We understand the added complexity in querying for extra right now.
We assume that using extra is only a temporary solution. extra is a limitation of the current system based on structured Snowplow Events in the data warehouse. We already have a decision to move towards using Product Analytics directly in the long run which does not have this limitation.
Our other endpoint for internal events (Redis) does not have this limitation either.
While it might make querying more understandable, using extra is still leaking implementation details that will initially confuse users of internal events
As a result, we're going to treat the usage of extra as an implementation detail and go with using a structure like the following :
While we are using extra behind the scenes we'll still need to make sure that devs use the additional power correctly, we should still establish guidelines and validations as pointed out by @syasonik above:
generator should call out usage of label, property, value first and clearly communicate that these should be used before reaching for further, named properties.
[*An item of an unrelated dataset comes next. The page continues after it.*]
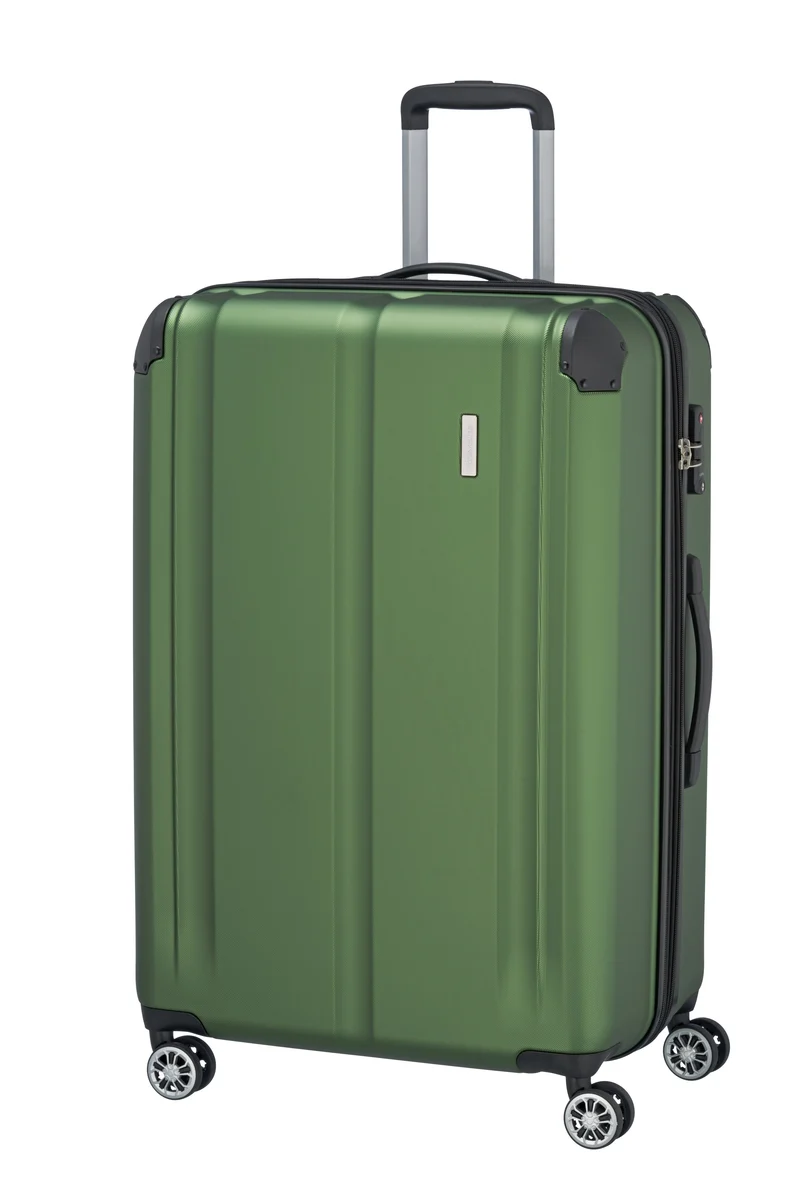 Travelite CITY Trolley L erweiterbar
Any additional named property needs to be defined in the event definition and have a description
Validations should create a warning if label, property are unused when someone defines a custom property in their event definition.
At the same time I added #465764 to evaluate whether we can already right now streamline event sending more which would allow for something like @syasonik suggested in !142839 (comment 1748527407) where we just use label etc as external_key
@ankit.panchal I added this issue as a blocker for the front end one since we're updating all schema here
@bastirehm within this issue could we collaborate with a team who would like to implement these additional properties to make sure everything goes smooth, especially down to DW?
Good point, I'll look for an appropriate event to implement and verify @nbelokolodov. Should we potentially split out work on the Generator since that'll depend on both Frontend and Backend being implemented?